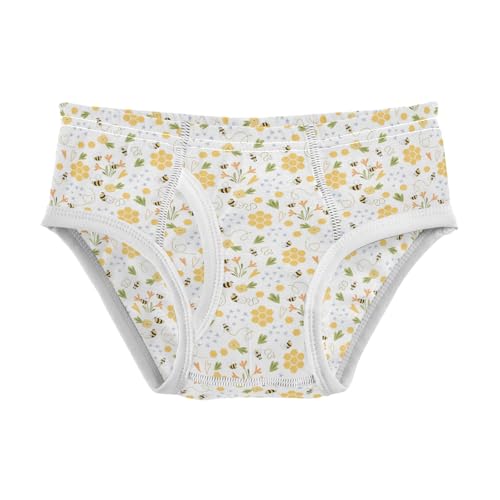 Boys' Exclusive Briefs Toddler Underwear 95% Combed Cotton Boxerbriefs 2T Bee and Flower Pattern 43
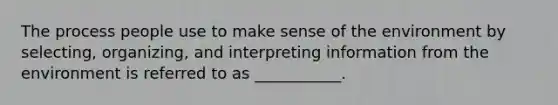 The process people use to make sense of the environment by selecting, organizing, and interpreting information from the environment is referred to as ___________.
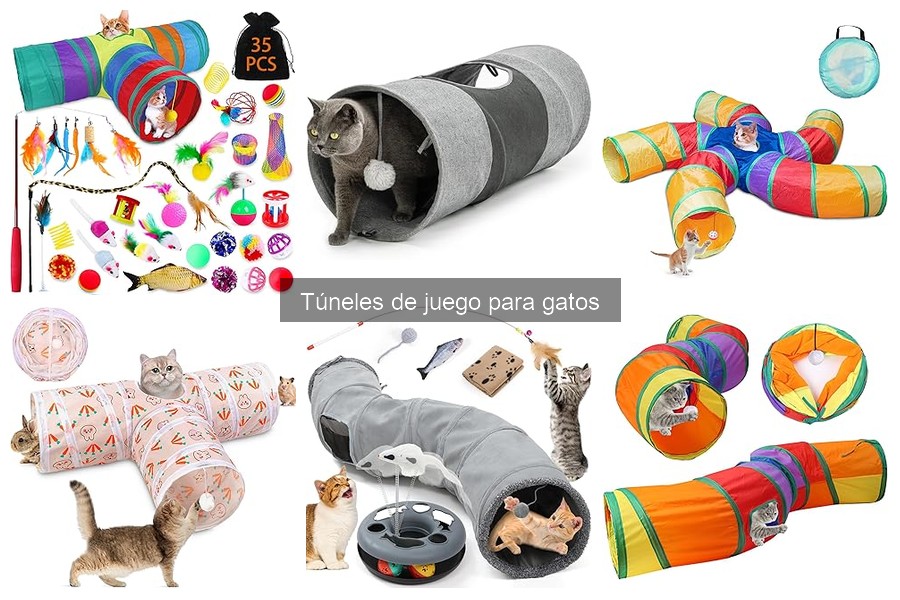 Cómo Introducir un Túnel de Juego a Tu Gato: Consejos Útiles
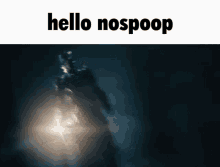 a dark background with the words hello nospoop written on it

...

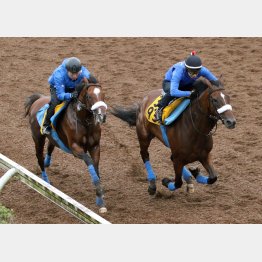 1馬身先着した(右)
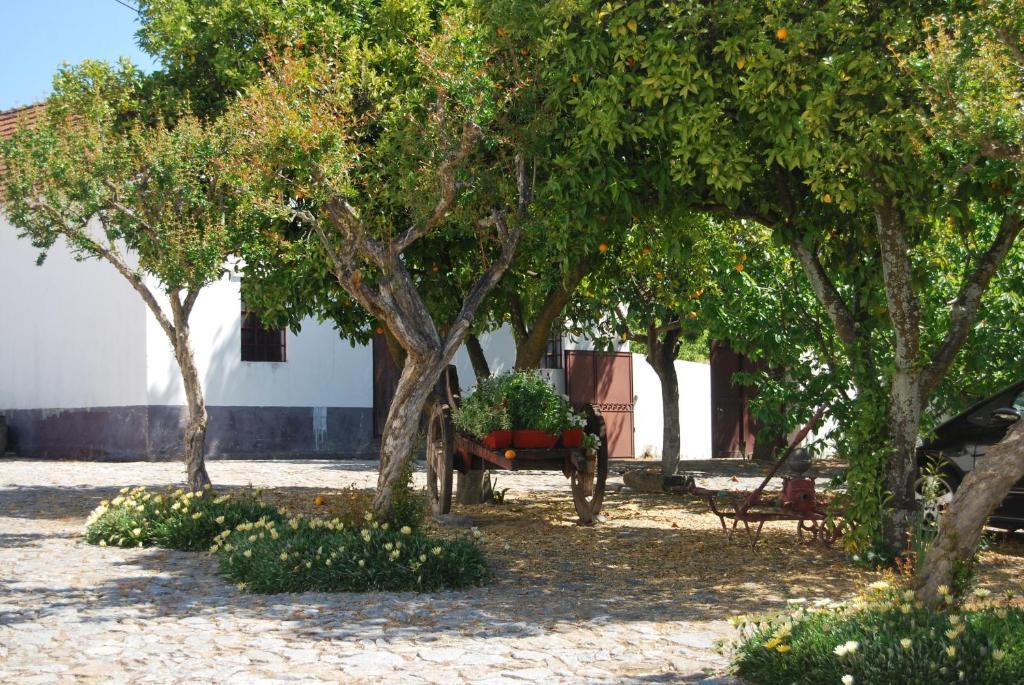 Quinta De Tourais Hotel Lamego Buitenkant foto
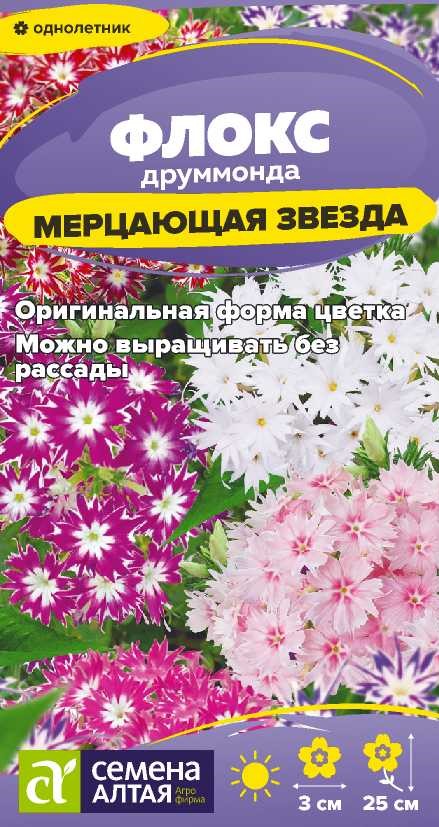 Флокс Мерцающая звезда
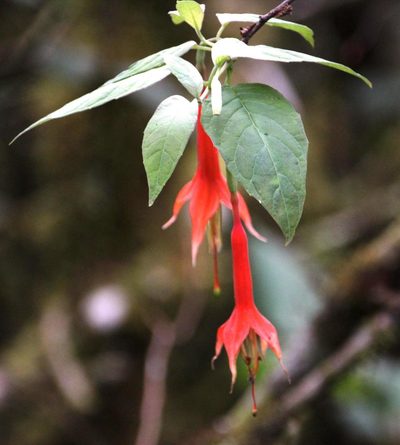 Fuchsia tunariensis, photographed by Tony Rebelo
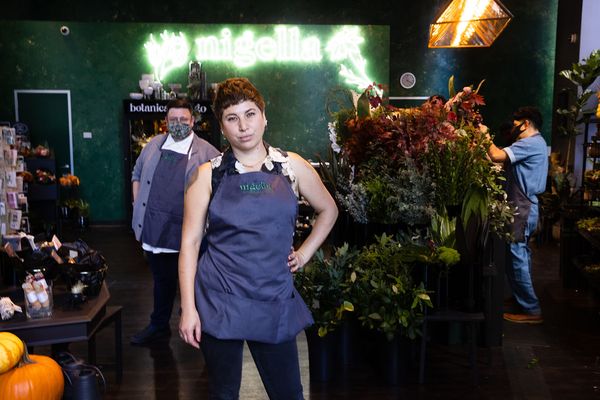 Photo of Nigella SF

**Task statement**
Exactly the lines above, from the one containing "Quinta De Tourais" down to the one containing "Photo of Nigella SF", are to be repeated, including both ends. Pictures are not part of the copy.

**Result of the exercise**
 Quinta De Tourais Hotel Lamego Buitenkant foto
 Флокс Мерцающая звезда
 Fuchsia tunariensis, photographed by Tony Rebelo
 Photo of Nigella SF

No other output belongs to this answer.